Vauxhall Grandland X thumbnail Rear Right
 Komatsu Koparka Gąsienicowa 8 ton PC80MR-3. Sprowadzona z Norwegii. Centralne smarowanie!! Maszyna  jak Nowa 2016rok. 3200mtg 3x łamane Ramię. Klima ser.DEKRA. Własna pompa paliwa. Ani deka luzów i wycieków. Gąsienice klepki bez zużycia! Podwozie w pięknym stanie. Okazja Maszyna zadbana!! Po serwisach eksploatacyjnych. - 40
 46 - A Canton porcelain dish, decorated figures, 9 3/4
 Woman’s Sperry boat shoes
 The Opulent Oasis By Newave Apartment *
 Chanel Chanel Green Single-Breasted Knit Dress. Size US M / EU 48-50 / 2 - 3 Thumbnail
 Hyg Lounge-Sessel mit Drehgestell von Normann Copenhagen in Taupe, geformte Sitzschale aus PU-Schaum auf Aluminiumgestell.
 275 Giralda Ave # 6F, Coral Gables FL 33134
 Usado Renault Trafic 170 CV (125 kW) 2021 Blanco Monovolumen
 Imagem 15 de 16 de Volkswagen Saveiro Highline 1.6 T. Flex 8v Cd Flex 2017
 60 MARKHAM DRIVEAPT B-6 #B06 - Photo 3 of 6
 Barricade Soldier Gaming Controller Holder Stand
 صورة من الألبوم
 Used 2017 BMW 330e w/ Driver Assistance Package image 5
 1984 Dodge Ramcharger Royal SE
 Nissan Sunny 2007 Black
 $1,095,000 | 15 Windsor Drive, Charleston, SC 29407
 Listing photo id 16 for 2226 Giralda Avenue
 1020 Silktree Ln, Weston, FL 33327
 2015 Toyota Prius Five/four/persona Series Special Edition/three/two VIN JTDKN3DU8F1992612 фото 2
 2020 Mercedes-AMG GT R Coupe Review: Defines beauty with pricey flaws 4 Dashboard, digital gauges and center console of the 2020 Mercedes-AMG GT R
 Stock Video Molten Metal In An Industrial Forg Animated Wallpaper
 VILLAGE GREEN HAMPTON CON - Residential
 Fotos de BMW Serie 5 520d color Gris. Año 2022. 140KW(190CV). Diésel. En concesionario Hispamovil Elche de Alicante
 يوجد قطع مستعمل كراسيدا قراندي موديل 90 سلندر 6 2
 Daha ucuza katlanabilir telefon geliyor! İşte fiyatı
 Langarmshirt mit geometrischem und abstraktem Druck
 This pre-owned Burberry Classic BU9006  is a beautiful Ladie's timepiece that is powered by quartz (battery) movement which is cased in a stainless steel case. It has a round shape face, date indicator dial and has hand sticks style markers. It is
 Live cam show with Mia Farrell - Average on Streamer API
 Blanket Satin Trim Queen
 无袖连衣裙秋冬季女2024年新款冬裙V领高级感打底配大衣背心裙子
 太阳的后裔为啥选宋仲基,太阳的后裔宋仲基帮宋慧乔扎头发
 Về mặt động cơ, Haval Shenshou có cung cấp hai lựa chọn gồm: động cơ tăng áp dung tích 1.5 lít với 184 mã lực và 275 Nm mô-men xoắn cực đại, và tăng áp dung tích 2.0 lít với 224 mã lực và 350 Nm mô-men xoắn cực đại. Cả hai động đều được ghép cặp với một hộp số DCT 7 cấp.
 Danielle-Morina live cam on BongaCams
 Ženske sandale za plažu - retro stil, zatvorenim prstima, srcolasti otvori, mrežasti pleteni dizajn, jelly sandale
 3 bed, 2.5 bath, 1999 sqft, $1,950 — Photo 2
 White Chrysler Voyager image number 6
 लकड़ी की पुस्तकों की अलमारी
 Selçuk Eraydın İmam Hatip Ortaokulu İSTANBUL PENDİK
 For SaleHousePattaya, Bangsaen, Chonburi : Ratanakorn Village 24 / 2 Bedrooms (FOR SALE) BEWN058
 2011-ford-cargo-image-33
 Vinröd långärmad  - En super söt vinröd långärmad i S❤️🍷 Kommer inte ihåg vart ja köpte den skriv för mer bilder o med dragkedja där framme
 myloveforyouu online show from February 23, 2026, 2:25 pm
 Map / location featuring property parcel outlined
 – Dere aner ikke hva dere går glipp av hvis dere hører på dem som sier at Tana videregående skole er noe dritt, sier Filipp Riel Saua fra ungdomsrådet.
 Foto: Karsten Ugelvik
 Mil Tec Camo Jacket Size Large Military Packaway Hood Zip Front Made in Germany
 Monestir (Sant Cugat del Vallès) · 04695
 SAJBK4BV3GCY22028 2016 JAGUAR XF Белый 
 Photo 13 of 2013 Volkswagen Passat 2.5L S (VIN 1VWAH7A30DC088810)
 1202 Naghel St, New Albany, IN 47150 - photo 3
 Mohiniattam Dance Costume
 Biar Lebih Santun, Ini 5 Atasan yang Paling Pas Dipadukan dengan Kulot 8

▬▬▬

Which lines in the data above contain "with"? Show each one.

# ANSWER TO THIS PROBLEM
 2020 Mercedes-AMG GT R Coupe Review: Defines beauty with pricey flaws 4 Dashboard, digital gauges and center console of the 2020 Mercedes-AMG GT R
 Live cam show with Mia Farrell - Average on Streamer API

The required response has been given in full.